◆ Task directions ◆
Restate word for word the section of the entries that opens at the line containing "Electrician repairing street" and closes at the line containing "Aperol spritz kokteyli, biberiye", both lines kept, pictures dropped.

━━ Records provided

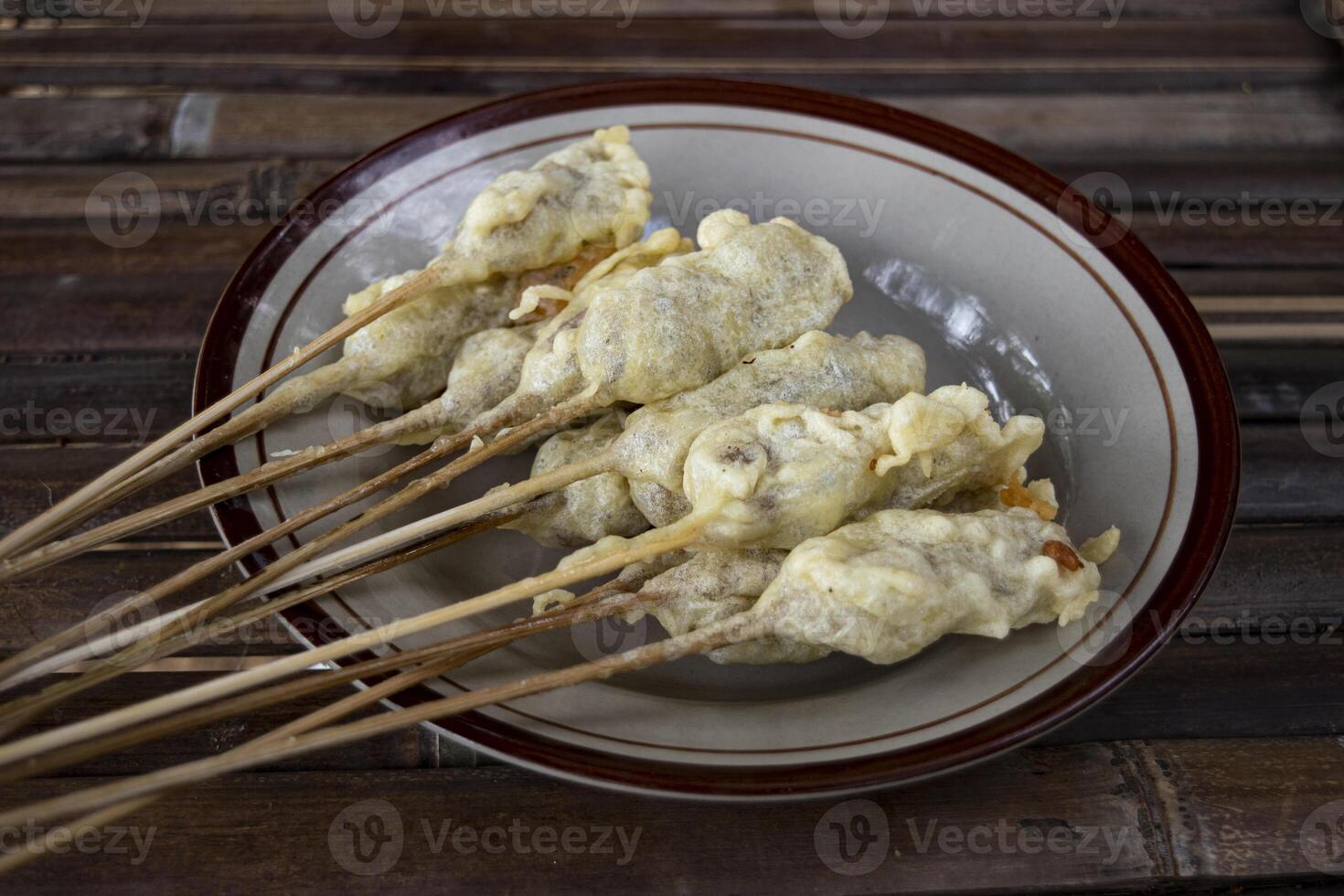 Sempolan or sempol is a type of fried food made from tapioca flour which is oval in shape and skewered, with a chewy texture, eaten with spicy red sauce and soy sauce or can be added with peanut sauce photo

━━━━
━━ Records provided

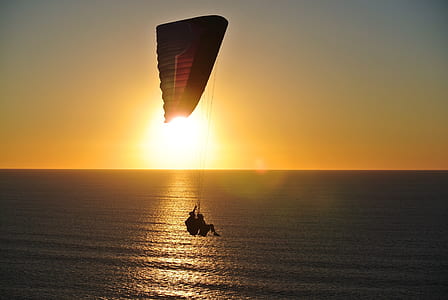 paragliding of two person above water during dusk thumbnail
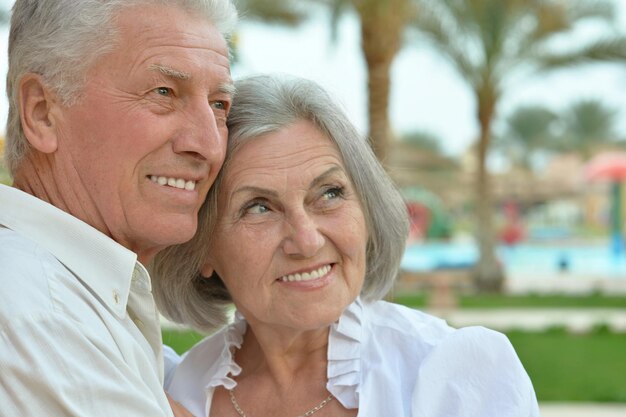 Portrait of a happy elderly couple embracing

━━━━
━━ Records provided

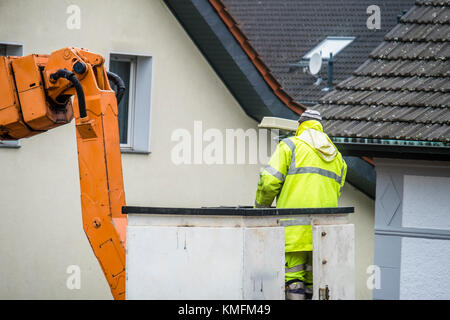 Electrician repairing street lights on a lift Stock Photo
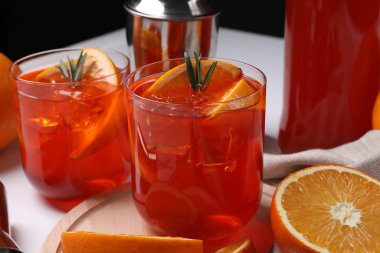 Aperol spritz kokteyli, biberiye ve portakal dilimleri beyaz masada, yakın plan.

━━━━

◆ Result of the task ◆
 Electrician repairing street lights on a lift Stock Photo
 Aperol spritz kokteyli, biberiye ve portakal dilimleri beyaz masada, yakın plan.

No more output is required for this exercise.